Man linked to Boston bombing suspect killed by FBI in Florida

Man linked to Boston bombing suspect killed by FBI in Florida

ORLANDO, Florida/ WASHINGTON - Reuters
Man linked to Boston bombing suspect killed by FBI in Florida

FBI evidence response team works in front of an apartment in Orlando, Florida, May 22, 2013. REUTERS Photo

A Chechen immigrant who was being questioned about his possible links to one of the Boston Marathon bombing suspects was shot and killed by a federal agent in Florida on Wednesday after he suddenly turned violent, the FBI said.
 
A friend of the dead man identified him to Reuters as 27-year-old Ibragim Todashev, who had lived in Boston and knew Tamerlan Tsarnaev, the older of the two brothers suspected of planting two bombs at the marathon on April 15, killing three people and injuring 264.
 
NBC News reported that Todashev confessed to his involvement in an unsolved 2011 triple homicide in a Boston suburb that investigators believe was drug related, citing law enforcement officials.
 
CBS News, citing law enforcement sources, said Todashev implicated himself and Tamerlan Tsarnaev in the triple murder during the questioning by agents on Tuesday night.
 
Reuters could not immediately confirm those details.

Authorities were investigating possible connections between Tsarnaev, who died in a shootout with police, and the 2011 incident.
 
Three men, including a close friend of Tsarnaev, were found stabbed in the neck in an apartment on Sept. 12, 2011, in Waltham, Massachusetts.
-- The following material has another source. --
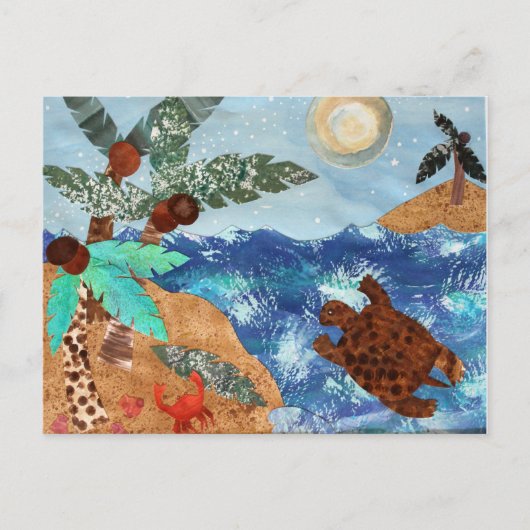 Turtle Island Night Sangen Briefkaart (Voorkant)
News reports said marijuana was strewn over their bodies.
 
Wednesday's incident took place at an apartment complex near the Universal Studios theme park, where the FBI and members of other law enforcement agencies were interviewing the man about the marathon bombing.
 
"A violent confrontation was initiated by the individual," the FBI said. A special agent, it said, "acting on the imminent threat posed by the individual, responded with deadly force. The individual was killed and the special agent was transported to the hospital with non-life-threatening injuries."
 
The possibility that Tsarnaev was connected to the Waltham murders is "being looked at seriously," said Republican Representative Peter King, who serves on the House Homeland Security Committee. Other U.S. officials confirmed the investigation involved Tsarnaev's possible role.
 
Tamerlan Tsarnaev, 26, and his 19-year-old brother Dzhokhar are suspected of setting off two pressure-cooker bombs at the marathon finish line. Dzhokhar is being held at a prison hospital west of Boston awaiting trial on charges that carry the possibility of the death penalty.
 
'Nothing to hide'
 
Todashev knew Tsarnaev because both were mixed martial-arts fighters in Boston but had no connection to the bombing, a friend of Todashev, Khusen Taramov, told Reuters in an interview.
 
Todashev was tailed by law enforcement agents since the day the Tsarnaev brothers were identified as suspects in the Boston bombing and called in for questioning repeatedly, he said.
 
"They called him a lot. They would just call and question him," Taramov said, adding he and his friend had met with FBI agents on several occasions.
 
Asked about the 2011 triple homicide, he said it never came up in the meetings with the FBI that he personally attended. He said Todashev never mentioned the murders either.
 
"He had nothing to hide. Everything he knew, he told them," Taramov said.
 
Taramov said he met FBI agents on Tuesday night outside the apartment complex where his friend was killed but was told by the FBI to leave shortly before the shooting happened around midnight. He added that Todashev, who was in the United States as a legal permanent resident, had been planning a trip back to Russia where his parents live.
 
Law enforcement officials have also interviewed another person of Chechen origin, ex-rebel Musa Khadzhimuratov, at his home in New Hampshire, the New York Times reported last week.

Khadzhimuratov, who had served as a bodyguard to a top Chechen separatist leader during the region's civil war with Russia more than a decade ago, also had contact with Tsarnaev.
 
Todashev was arrested on May 4 and charged with aggravated battery after getting into a fight with another man over a parking space at an Orlando shopping mall, according to the Orange County Sheriff's Office in Orlando.
 
The man, who suffered a split upper lip and had several teeth knocked out of place, did not to press charges against Todashev, who was released from jail on a $3,500 bond, a sheriff's spokeswoman said.
 
Before the Boston bombings, Tamerlan Tsarnaev had been listed on multiple U.S. government databases, including a master list of potential terrorism suspects. U.S. authorities also were asked twice by Russia to investigate Tsarnaev for possible involvement with Islamic militants, U.S. officials have said.
 
On Wednesday afternoon, U.S. Attorney General Eric Holder was scheduled to meet in Washington with Vladimir Kolokoltsev, Russia's interior minister. The meeting's agenda was unclear, but U.S. investigators are anxious to learn what Russian authorities knew about the Tsarnaevs and about what Tamerlan Tsarnaev did during a trip to Russia last year.